→ What to produce:
A verbatim copy of all the data is required; the pictures should not appear in it.

→ Data section:
****
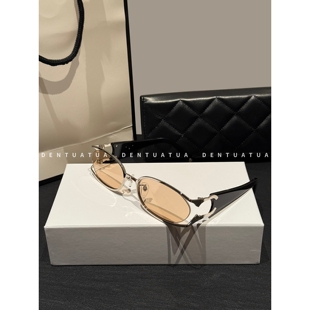 DENTUATUA 日光下的艺术品！25ss 金属茶色太阳眼镜 墨镜 男女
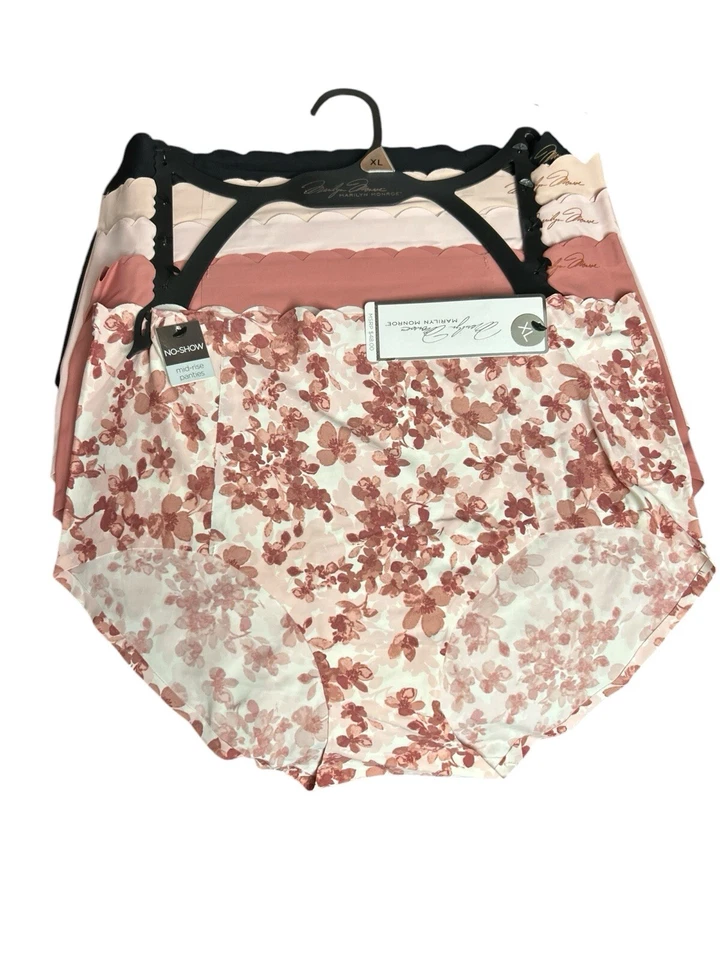 Bragas Marilyn Monroe 5 piezas MM3731 No Show tiro medio ~ XL ~ multicolor $48 - ¡PERFECTAS! Foto 3 de 4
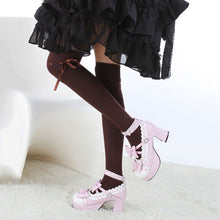 Women Ribbon Bow Boot Stocking Thigh-High Over Knee Thigh High Long Stockings PY3
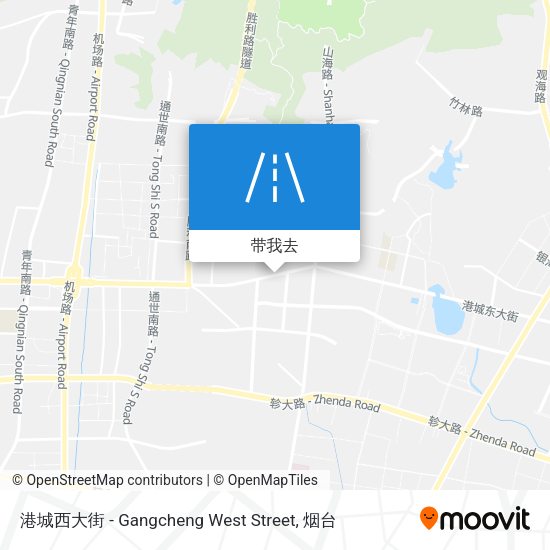 港城西大街 - Gangcheng West Street地图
****
→ Task output:
 DENTUATUA 日光下的艺术品！25ss 金属茶色太阳眼镜 墨镜 男女
 Bragas Marilyn Monroe 5 piezas MM3731 No Show tiro medio ~ XL ~ multicolor $48 - ¡PERFECTAS! Foto 3 de 4
 Women Ribbon Bow Boot Stocking Thigh-High Over Knee Thigh High Long Stockings PY3
 港城西大街 - Gangcheng West Street地图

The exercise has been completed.